# Perimeter of Regular Polygon by Circumradius

## Theorem

Let $P$ be a regular $n$-gon.

Let $C$ be a circumcircle of $P$.

Let the radius of $C$ be $r$.

Then the perimeter $\mathcal P$ of $P$ is given by:

$\mathcal P = 2 n r \sin \dfrac \pi n$

## Proof

From Regular Polygon composed of Isosceles Triangles, let $\triangle OAB$ be one of the $n$ isosceles triangles that compose $P$.

Then $\mathcal P$ is equal to $n$ times the base of $\triangle OAB$.

Let $d$ be the length of one side of $P$.

Then $d$ is the length of the base of $\triangle OAB$.
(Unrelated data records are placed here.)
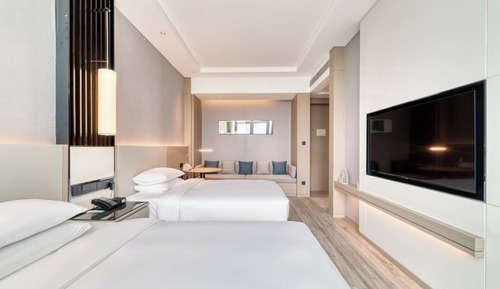 Habitación estándar, 2 camas dobles, vistas a la ciudad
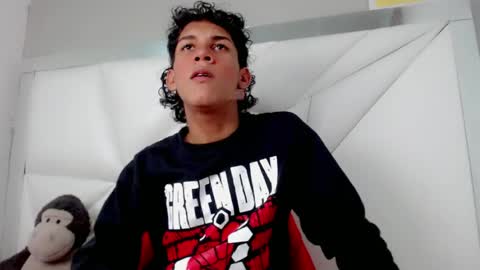 TAYLOR online show from 04/14/26, 01:55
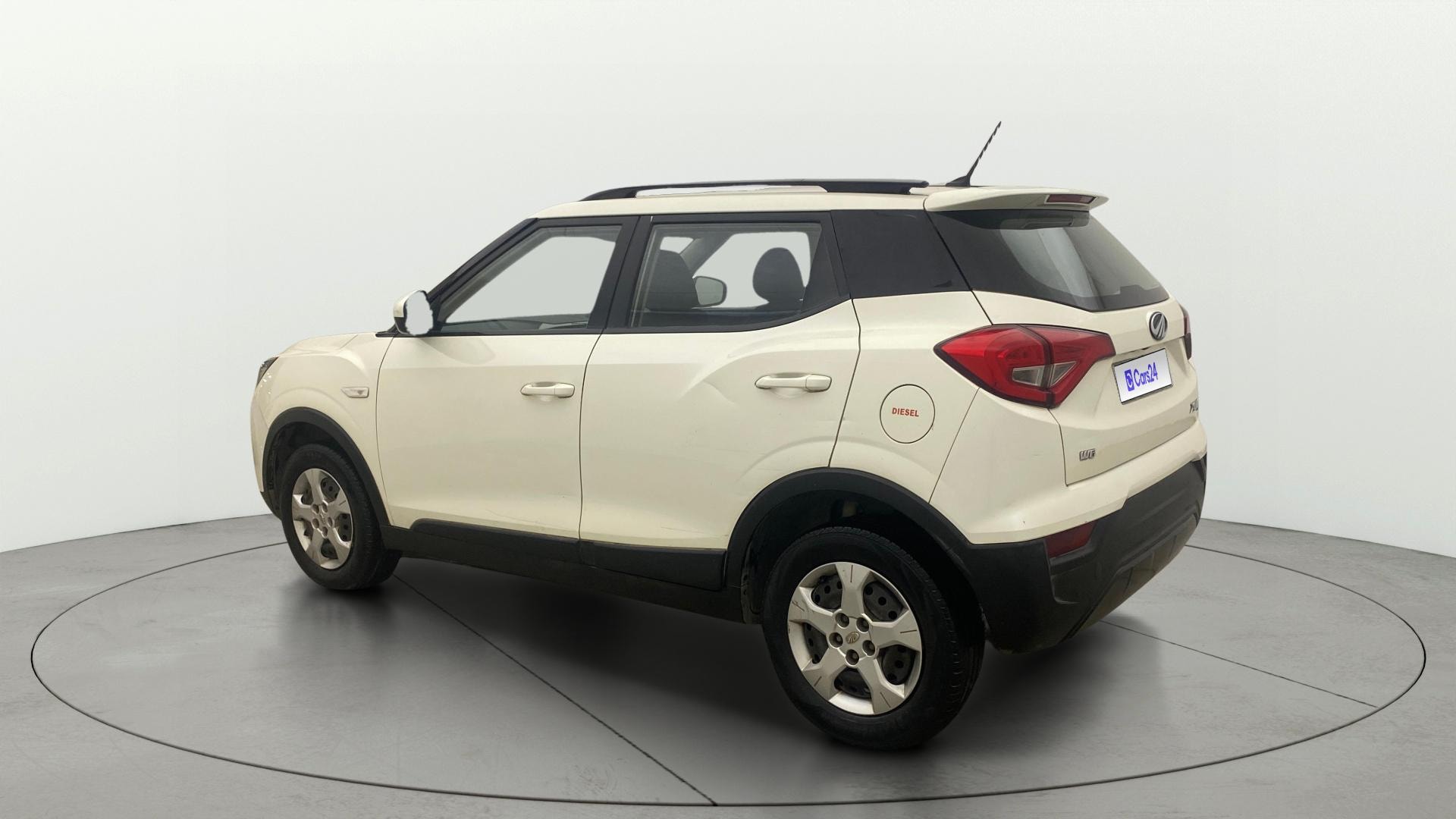 View 2019 Mahindra XUV300 W4 Petrol BS IV Image 2 Used 2019 Mahindra XUV300 W4 Petrol BS IV Image 2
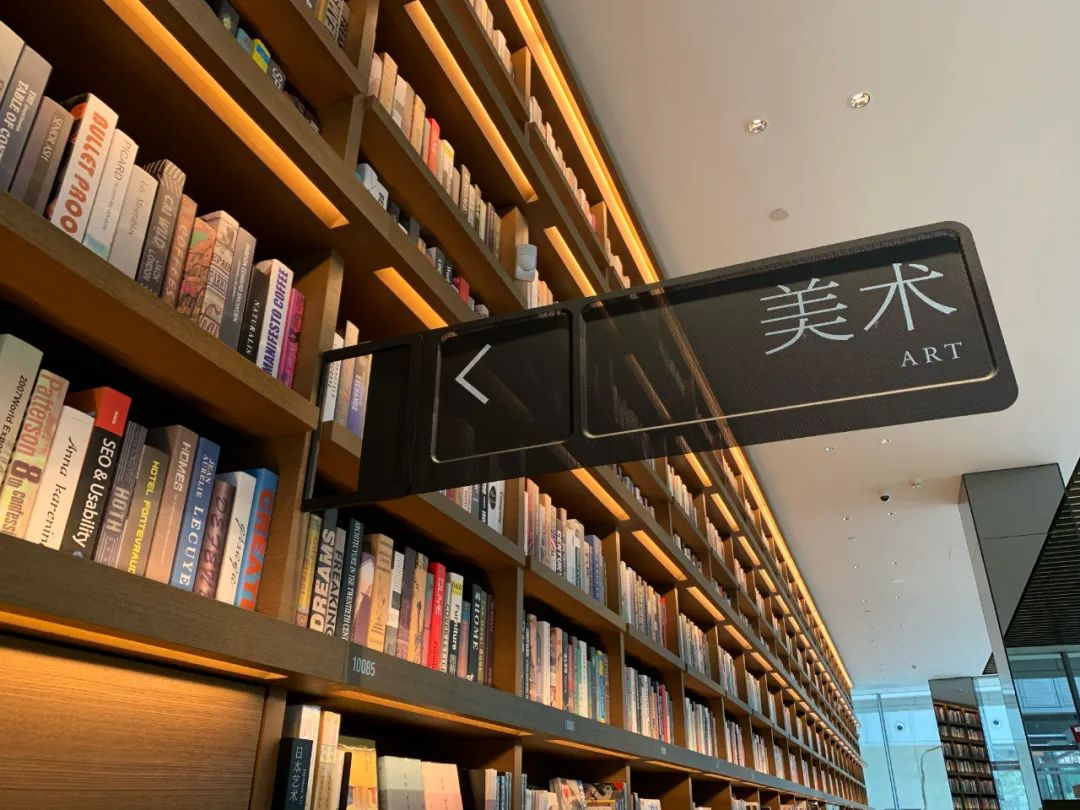 茑屋书店惨遭同行“复制粘贴”?店面设计几乎雷同,撞名日本第三书店!网友:你是李逵,还是李鬼?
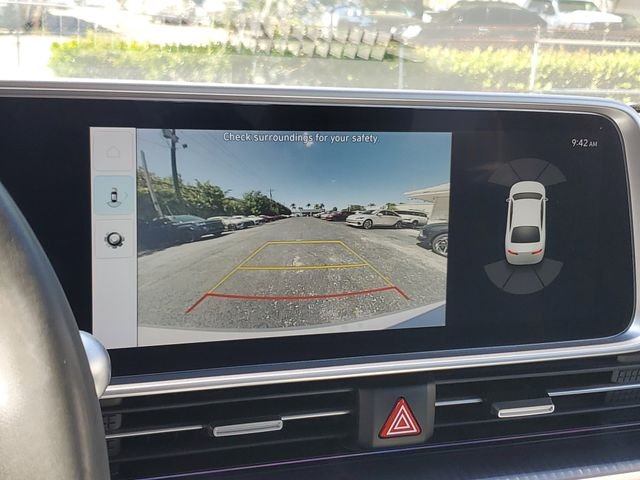 Used 2023 Gold Hyundai SEL image 18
The angle $\angle AOB$ is equal to $\dfrac {2 \pi} n$.

Then:

$d = 2 r \sin \dfrac \pi n$

So:

 $\displaystyle \mathcal P$ $=$ $\displaystyle n d$ $\displaystyle$ $=$ $\displaystyle n \paren {2 r \sin \dfrac \pi n}$ substituting from above $\displaystyle$ $=$ $\displaystyle 2 n r \sin \dfrac \pi n$ simplifying

$\blacksquare$